Males fight each other over females during the mating season, and use their long canines to fight and defend their territories. The females hide from all the commotion. For the males to attract the females and bring them out from hiding, they use their strong smelling musk.

A female has one or two young at a time. The young musk deer live off their mother's milk until they are about six months old and able to eat regular foods available in the wild. At 16 to 24 months old, they become sexually mature.

Himalayan musk deer can live for up to 10 to 14 years.

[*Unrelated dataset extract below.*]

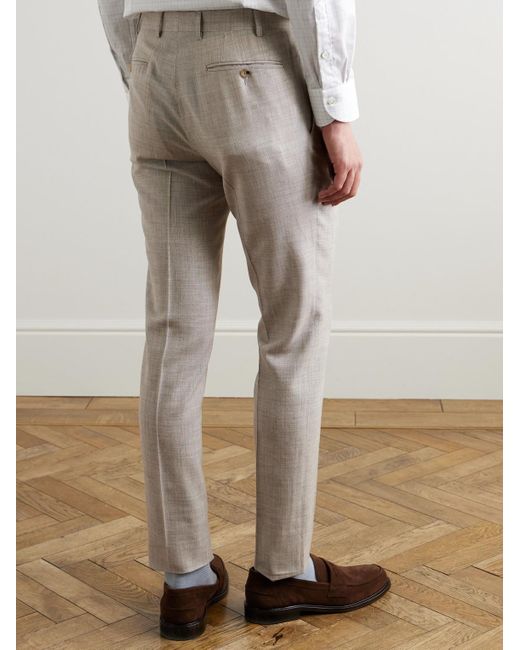 Canali Natural Wool, Silk And Linen-Blend Suit Trousers for men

Their predators include the leopard, snow leopard, Eurasian lynx, red fox, and gray wolf. Juveniles have been reported to be killed by yellow-throated marten and large raptors.

==Threats==
As the musk the deer produces is in demand for the manufacture of perfumes and medicines, it is highly valuable. Since the species is endangered and hard to find, its value on the wildlife trade market is increased still further. The hunting and trade of the white-bellied musk deer is the main threat to the species. Deer musk may sell for as much as $45,000/kg, making it one of the most valuable animal-derived products in the world. Hunters catch and kill the deer using snares. Only males produce the musk, so this creates a problem because females and young are caught in the traps and killed.

==Conservation==
The white-bellied musk deer is protected by law in Bhutan, Nepal, and India. In China, hunting may be permitted in some areas, although a license is required. It is listed as an endangered species in Pakistan and is also found in a number of protected areas throughout; however, the uneven enforcement of legislation across its range has meant little impact on preventing the rampant trade in the species. Improving the enforcement of antipoaching laws is a key priority for the conservation of this species.

==Efforts being made==
Captive farming for musk has been developed in China, and so far has shown that it is possible to extract musk from a deer without having to kill it. However, the captive deer succumb to disease and fighting and produce poorer quality musk. The killing of wild deer is thought to be the most cost-effective method of extracting musk. Open farming is a possible new way to extract the musk, whereby free-ranging or wild musk deer are caught and the musk then extracted, allowing the species to be conserved and survive.